这项对中国经济增长潜力的研究,不仅斩获孙冶方经济学奖,还发行到了海外
距离上一次全球金融危机爆发已十年。2008年9月,突如其来的金融危机席卷全球,中国亦未能幸免。经济增速断崖式下滑,出口呈现负增长,许多大型工厂停工停产……中国经济一度面临“硬着陆”风险。
危局之下,中国政府于2008年11月推出扩大内需、刺激经济增长的十项措施。初步匡算,实施这十大措施,到2010年底约需投资4万亿元,这项计划也因此被媒体和经济界人士解读为“四万亿计划”。
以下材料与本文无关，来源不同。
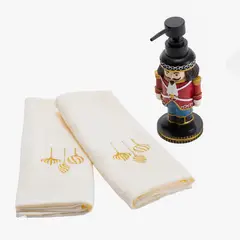 MICA - Set S3 Xmas Nc Blanco 2X40X60 Cm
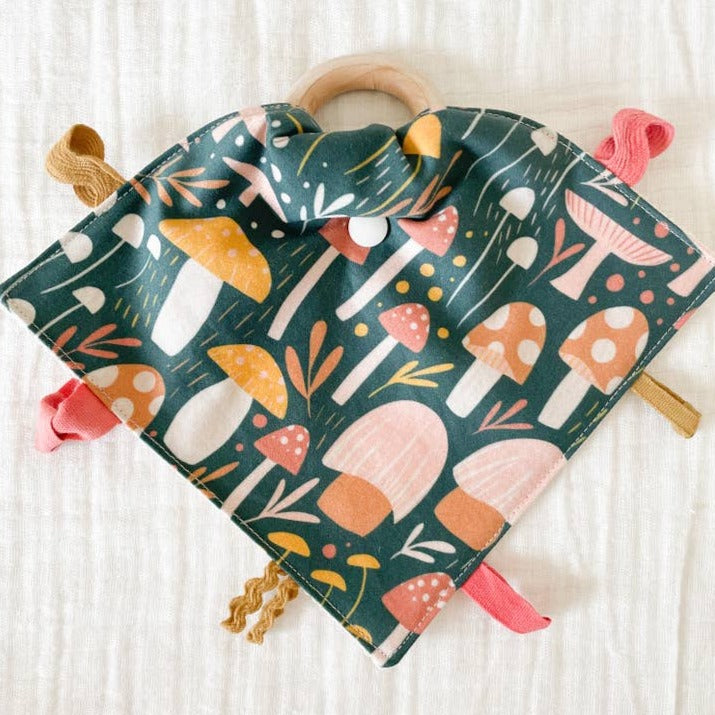 Organic Crinkle Lovey Teether Toys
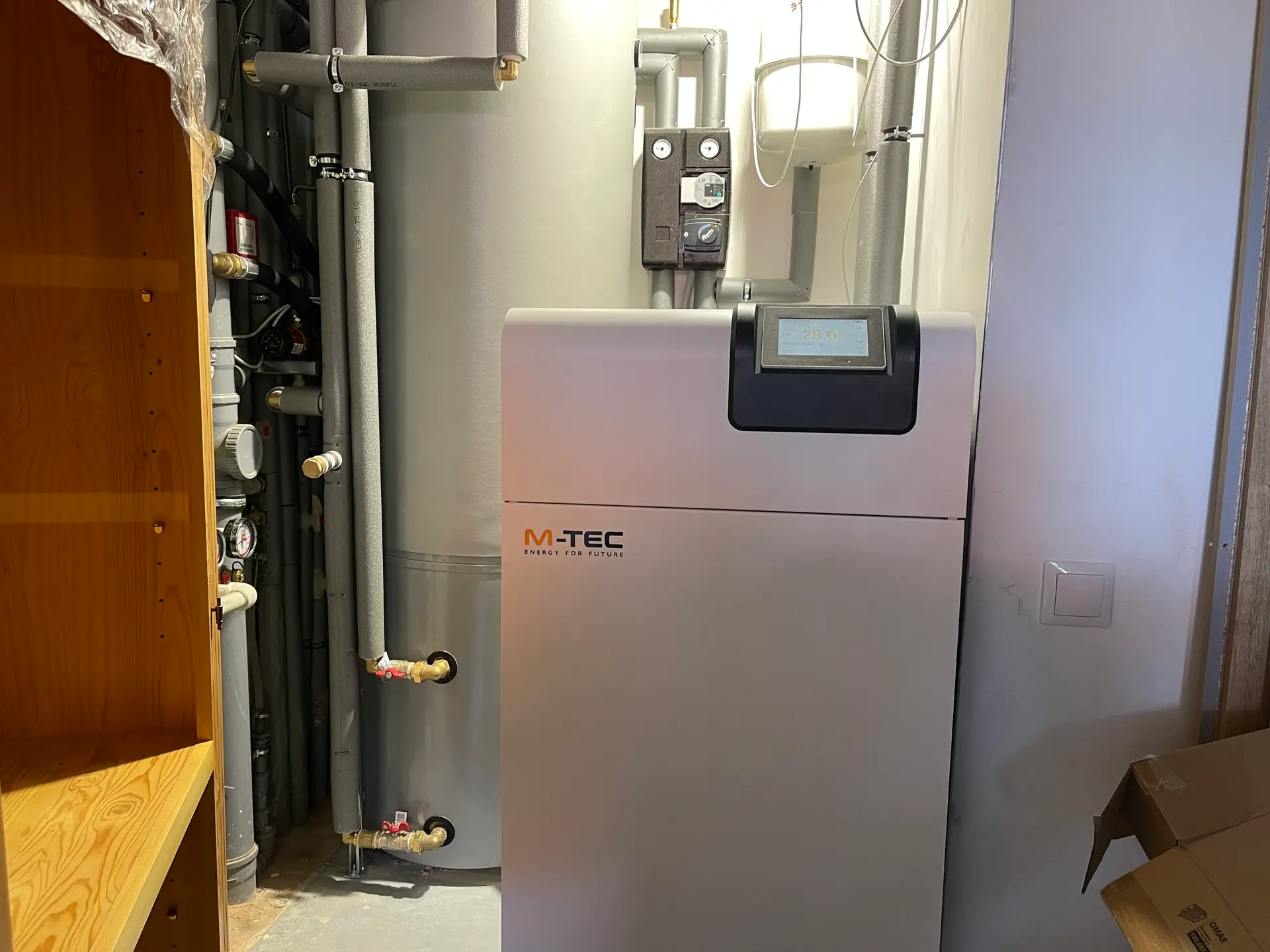Instalace tepelného čerpadla M-TEC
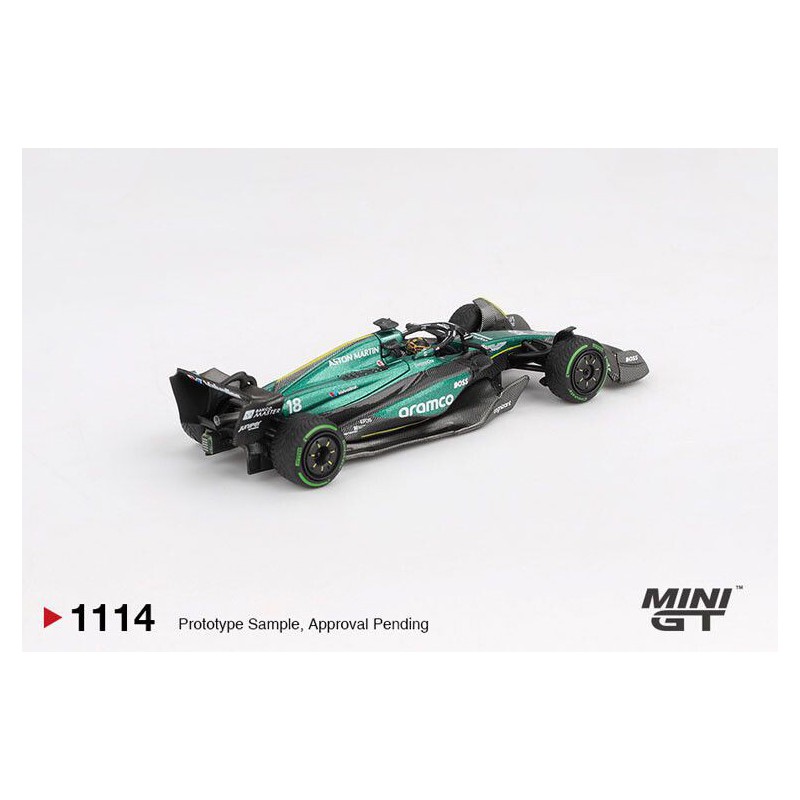 Aston Martin AMR24 Nr.18 Lance Stroll Canadian GP '24 1:64, Mini GT (1114)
然而,当投资的刺激效应逐渐褪去,中国经济减速趋势再次凸显,长期保持在10%以上的经济增长“奇迹”遭遇严峻挑战。
中国在2008年后所呈现出的明显经济减速趋势,主要源于后危机时代的周期性影响,还是源于经济进入中高速增长的新常态?中国未来经济增长潜力如何?这一话题在金融危机爆发之后引发了高度关注和热议,而其结论则具有非常重要的政策含义。
由中国金融四十人论坛(CF40)学术委员、清华大学经济管理学院副院长白重恩主持,CF40·青年论坛会员、中国人民大学公共管理学院副教授张琼等参与共同完成的CF40内部课题《中国经济增长潜力研究》,正是通过深入、严谨的研究,尝试回答这一问题。
中国金融四十人论坛(CF40)学术委员、清华大学经济管理学院副院长白重恩
这一课题报告的部分成果——白重恩与张琼合著的论文《中国经济减速的生产率解释》(发表于《比较》2014年8月第73期),获得2017年第17届孙冶方经济科学奖论文奖,这也是目前中国经济学界公认的最高奖项,素有“中国诺贝尔经济学奖”之称。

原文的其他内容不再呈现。